> [DATA EXTRACT]
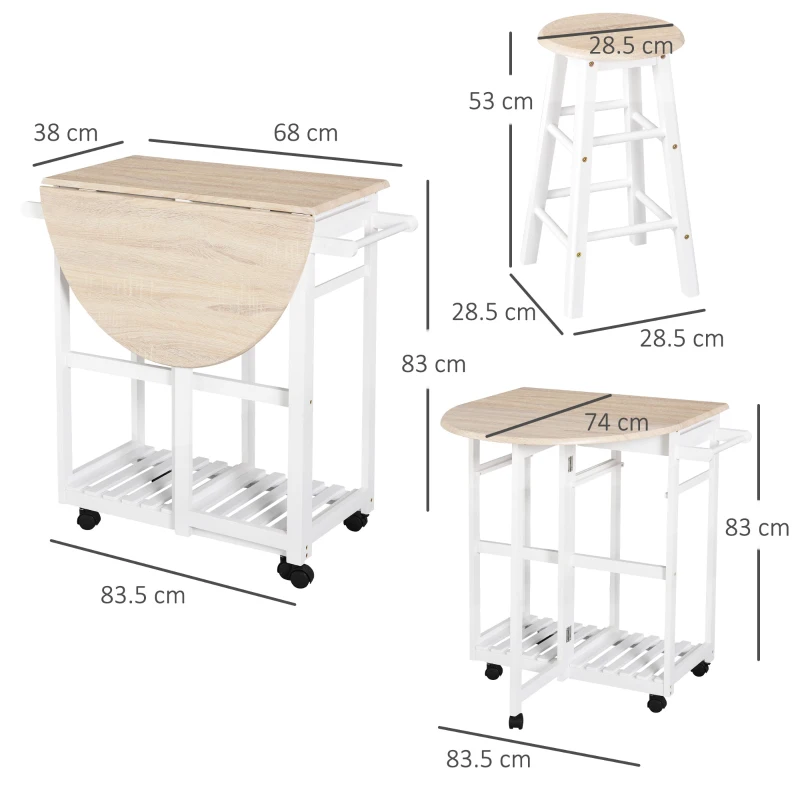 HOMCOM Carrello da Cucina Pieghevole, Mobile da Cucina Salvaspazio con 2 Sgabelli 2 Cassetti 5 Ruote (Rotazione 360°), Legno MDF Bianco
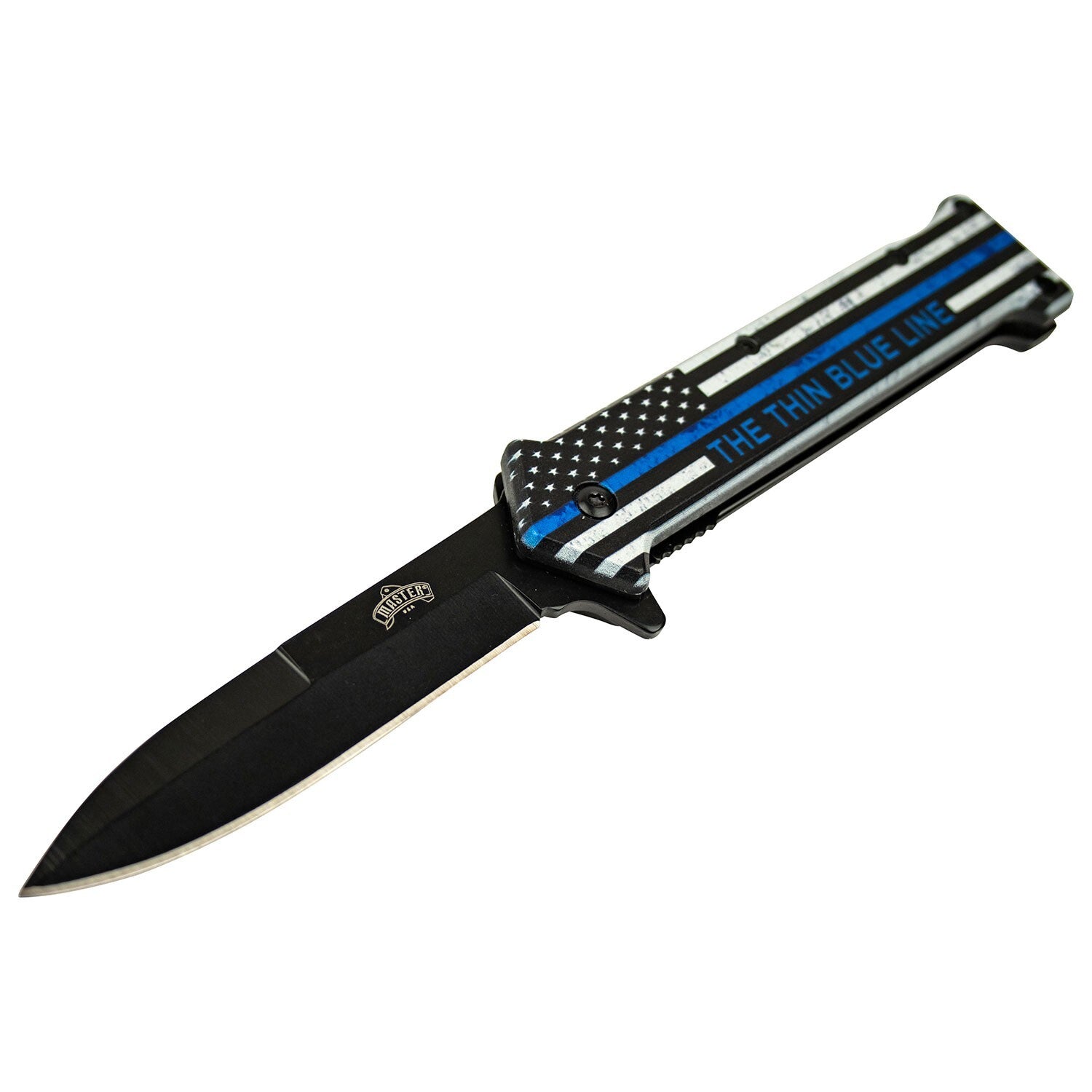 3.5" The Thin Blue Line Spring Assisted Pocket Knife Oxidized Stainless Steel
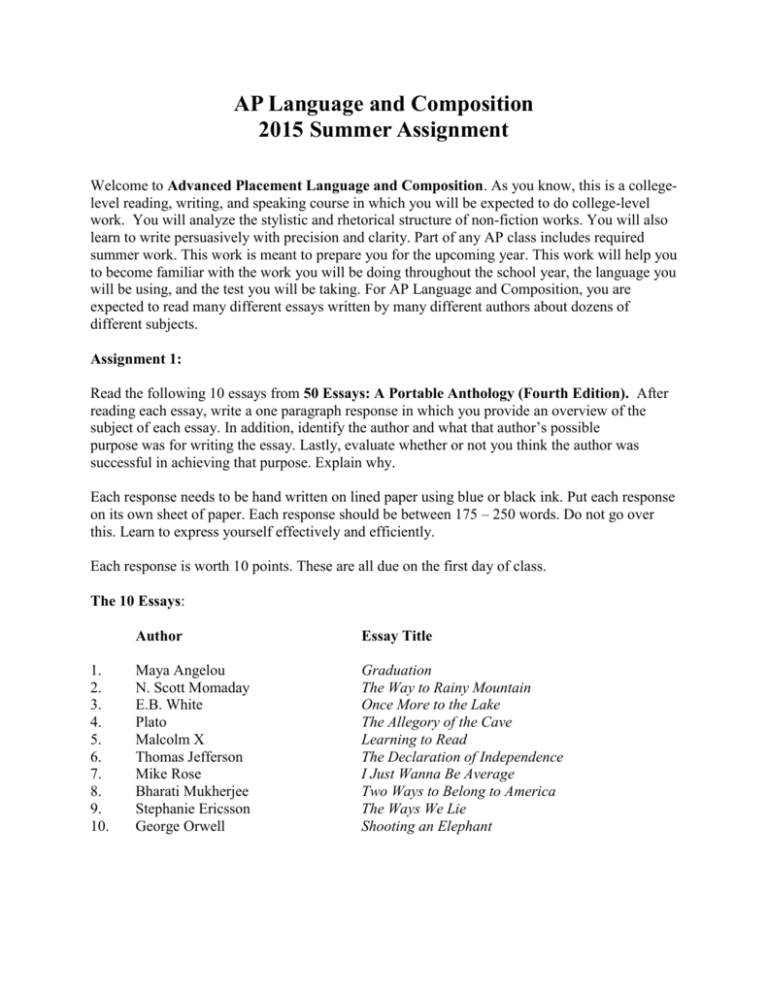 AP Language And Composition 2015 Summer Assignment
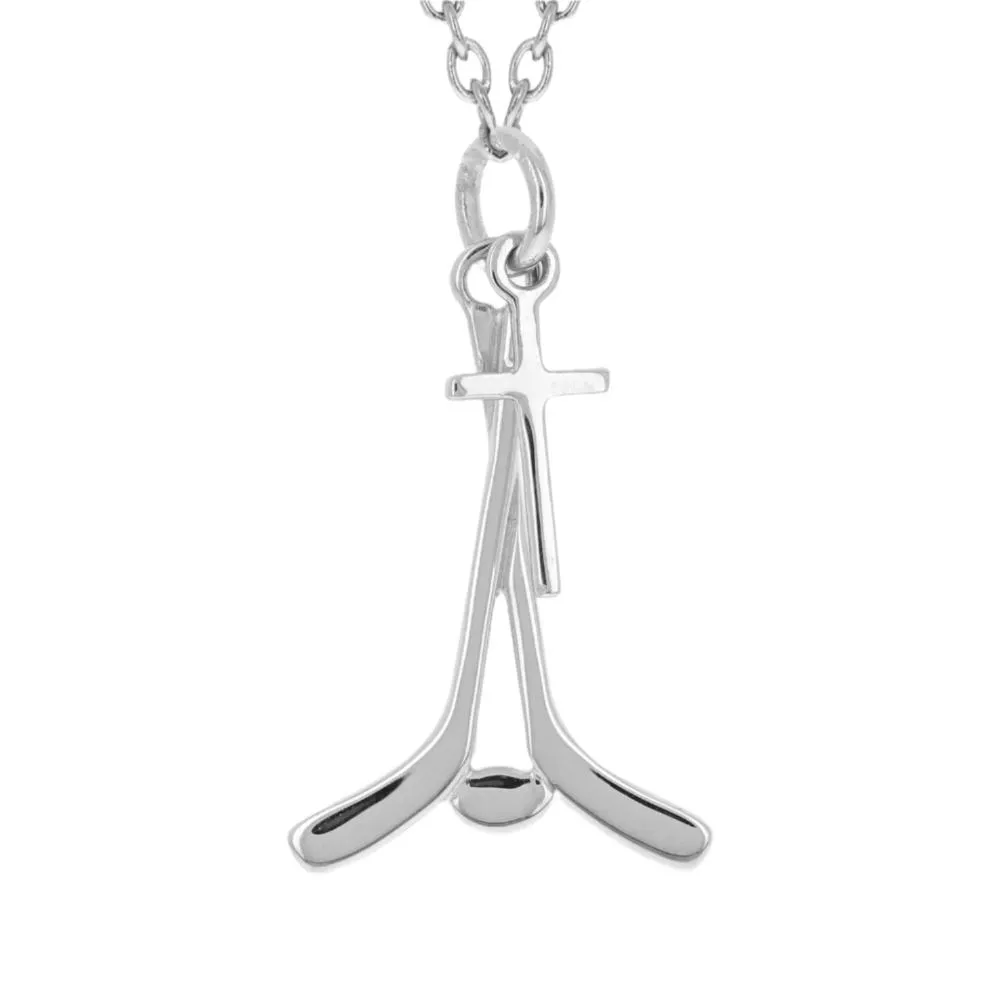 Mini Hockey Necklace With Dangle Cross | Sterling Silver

> [REQUIRED WORK] Give back the material word for word and drop the pictures it holds.

> [SOLVED PROBLEM]
 HOMCOM Carrello da Cucina Pieghevole, Mobile da Cucina Salvaspazio con 2 Sgabelli 2 Cassetti 5 Ruote (Rotazione 360°), Legno MDF Bianco
 3.5" The Thin Blue Line Spring Assisted Pocket Knife Oxidized Stainless Steel
 AP Language And Composition 2015 Summer Assignment
 Mini Hockey Necklace With Dangle Cross | Sterling Silver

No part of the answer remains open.